ジュネーブ発 今年トルコから地中海を渡って、およそ80万人がギリシャの海岸にたどり着いた。そのおよそ […]
ジュネーブ発
今年トルコから地中海を渡って、およそ80万人がギリシャの海岸にたどり着いた。そのおよそ半分がシリア紛争を逃れてきた難民である。
12月8日、ギリシャで実施された調査結果が発表された。UNHCRは2015年の4月から9月にかけて、地中海を渡ったシリア人の年齢、職業、地中海を渡った理由などの調査を行い、1,245人のシリア人がこれに答えた。
調査によると、インタビューに答えた86%は高等教育を受けており、またその半数は大学で学んでいたという。身内が紛争の犠牲となっている人も多く、その5人に1人はシリア国内で家族が行方不明になっている。
また、回答した78%は35歳以下であった。職業に関する調査で最も多かった回答は学生(16%)であり、商業関係(9%)、大工・電気工・鉛管工(7%)、エンジニア・建築家(5%)、医者・薬剤師(4%)と続く。全体的に、高いスキルを有した人々が避難を余儀なくされたことがわかる。

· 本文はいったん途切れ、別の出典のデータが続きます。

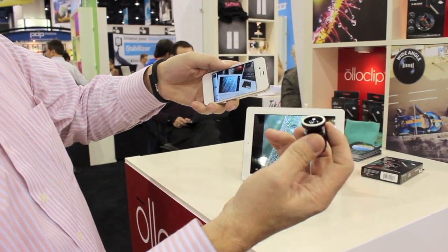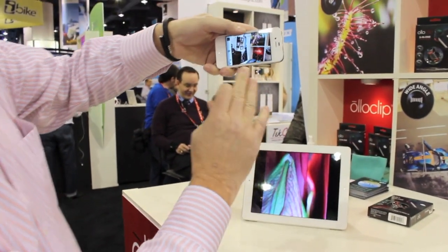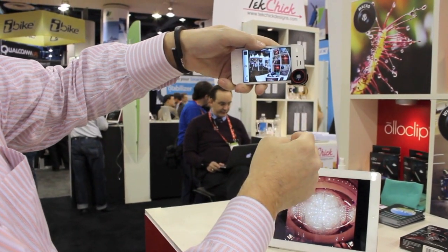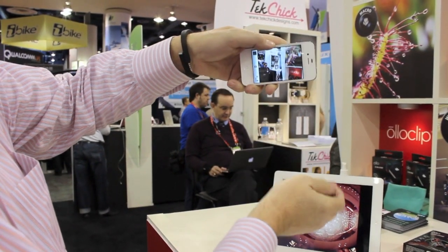So the way it works is this is the fisheye lens. This is your normal field of view on the iPhone 4S. We just slide it on, and then we get fisheye. We pull it off, that's the normal view.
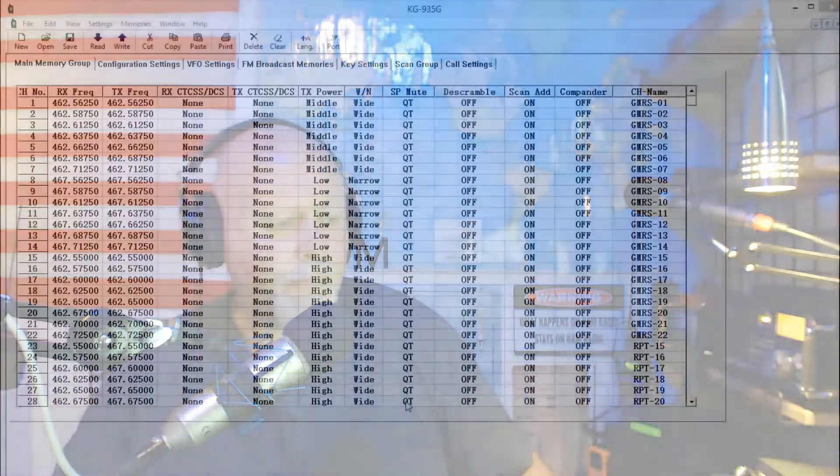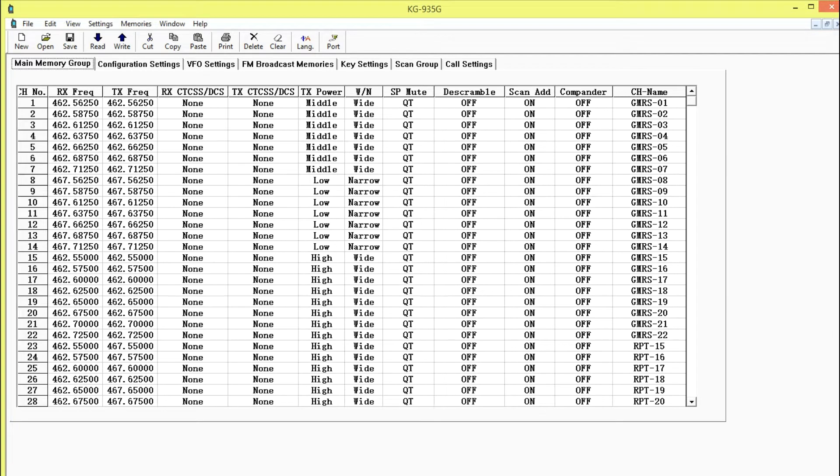I'm going to show you how it works on the radio, and then go over and show you how to program into the software, and also how to find some frequencies. Let's go over to the software first. This software is the Motion software — I don't know if the 935G is compatible with CHIRP, I haven't looked into that, but this works really well and gives you the scan group options.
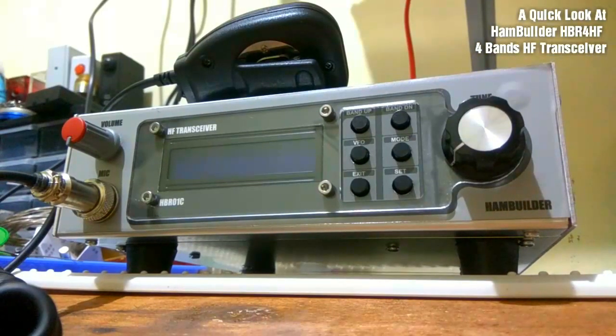This is the HPR4HF, a 4-band HF transceiver from HomeBuilder. We're going to take a closer look at it.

シリアから避難した時期について、およそ3分の2に相当する(63%)が2015年に入ってからシリアを逃れたと答えている。85%は今回初めてギリシャを目指したと答え、65%は特別な支援は必要ないと答えた一方で、5%は拷問を受けるなどの、特別な支援を必要としていることがわかった。また、受け入れ先で定住するのために必要な書類を保有するのはわずか13%で、実に91%が地中海を渡った後は難民キャンプではなく、民間施設に1ヶ月以上身を寄せていたこともわかった。地中海を渡った理由として最も多かった回答は、避難生活を送る上での就業の困難と安全上の理由である。
「これは難民の置かれた状況や難民が経験している事について理解するための調査です」とUNHCR欧州局次長は話す。「UNHCR、政府当局またパートナー団体が、人々のニーズに見合った保護と援助を提供できたとき初めて、この調査が活かされたといえるでしょう」
調査では、およそ58%が離れて生活している家族を受け入れられた国に呼び寄せたいと答えた。シリア紛争が始まってからまもなく5年が経つ。欧州の海岸にたどり着いた人々は、ドイツやスウェーデンで受け入れを望んでいると話す。欧州の国々を目指す主な理由は、家族の再統合、難民として保護され、避難生活を送る上での就業と教育の機会などである。
「シリアの人々は、平和と安全な生活を得るために、また教育や就業機会を求め、命を危険にさらしてまでも欧州を目指しています。しかし、家族再統合、学生ビザや就労ビザなど安全且つ合法的な移動手段が提供されることが望まれます。」とUNHCR欧州局次長は訴える。
この調査結果は、ギリシャにたどり着いた全てのシリア難民の状況を反映するものではない。また調査方法もランダム・サンプリング(調査対象を無作為に選ぶ方法)ではない。しかし今回の調査は、2015年の4月から9月にギリシャにたどり着いたシリアの人々の状況を把握するための一助となるだろう。
▼くわしくはこちら(英語)
▼調査結果(Syrian Refugee Arrivals in Greece)はこちら(available here)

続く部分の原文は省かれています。